== Directions ==
Please copy the last part of the entries exactly: the line that has "Epic Art 'This" and every line up to and including the end, nothing more.

== Brief descriptive captions ==

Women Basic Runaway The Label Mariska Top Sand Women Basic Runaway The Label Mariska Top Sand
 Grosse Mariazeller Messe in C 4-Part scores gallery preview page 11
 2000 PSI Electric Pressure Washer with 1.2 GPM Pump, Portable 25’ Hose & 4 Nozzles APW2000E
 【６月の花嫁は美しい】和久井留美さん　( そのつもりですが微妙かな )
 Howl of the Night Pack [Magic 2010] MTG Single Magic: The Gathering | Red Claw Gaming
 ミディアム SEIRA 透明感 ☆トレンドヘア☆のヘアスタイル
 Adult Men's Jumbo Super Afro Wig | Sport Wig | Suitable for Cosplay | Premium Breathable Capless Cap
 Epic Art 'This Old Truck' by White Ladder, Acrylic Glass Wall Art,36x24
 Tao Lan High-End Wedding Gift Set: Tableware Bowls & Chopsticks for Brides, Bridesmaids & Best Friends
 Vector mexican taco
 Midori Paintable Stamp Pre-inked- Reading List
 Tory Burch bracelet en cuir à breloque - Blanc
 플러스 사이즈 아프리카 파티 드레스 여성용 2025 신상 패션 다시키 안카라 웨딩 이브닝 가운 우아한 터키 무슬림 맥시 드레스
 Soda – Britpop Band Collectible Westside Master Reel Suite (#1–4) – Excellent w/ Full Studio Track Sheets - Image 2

== Exercise answer ==
 Epic Art 'This Old Truck' by White Ladder, Acrylic Glass Wall Art,36x24
 Tao Lan High-End Wedding Gift Set: Tableware Bowls & Chopsticks for Brides, Bridesmaids & Best Friends
 Vector mexican taco
 Midori Paintable Stamp Pre-inked- Reading List
 Tory Burch bracelet en cuir à breloque - Blanc
 플러스 사이즈 아프리카 파티 드레스 여성용 2025 신상 패션 다시키 안카라 웨딩 이브닝 가운 우아한 터키 무슬림 맥시 드레스
 Soda – Britpop Band Collectible Westside Master Reel Suite (#1–4) – Excellent w/ Full Studio Track Sheets - Image 2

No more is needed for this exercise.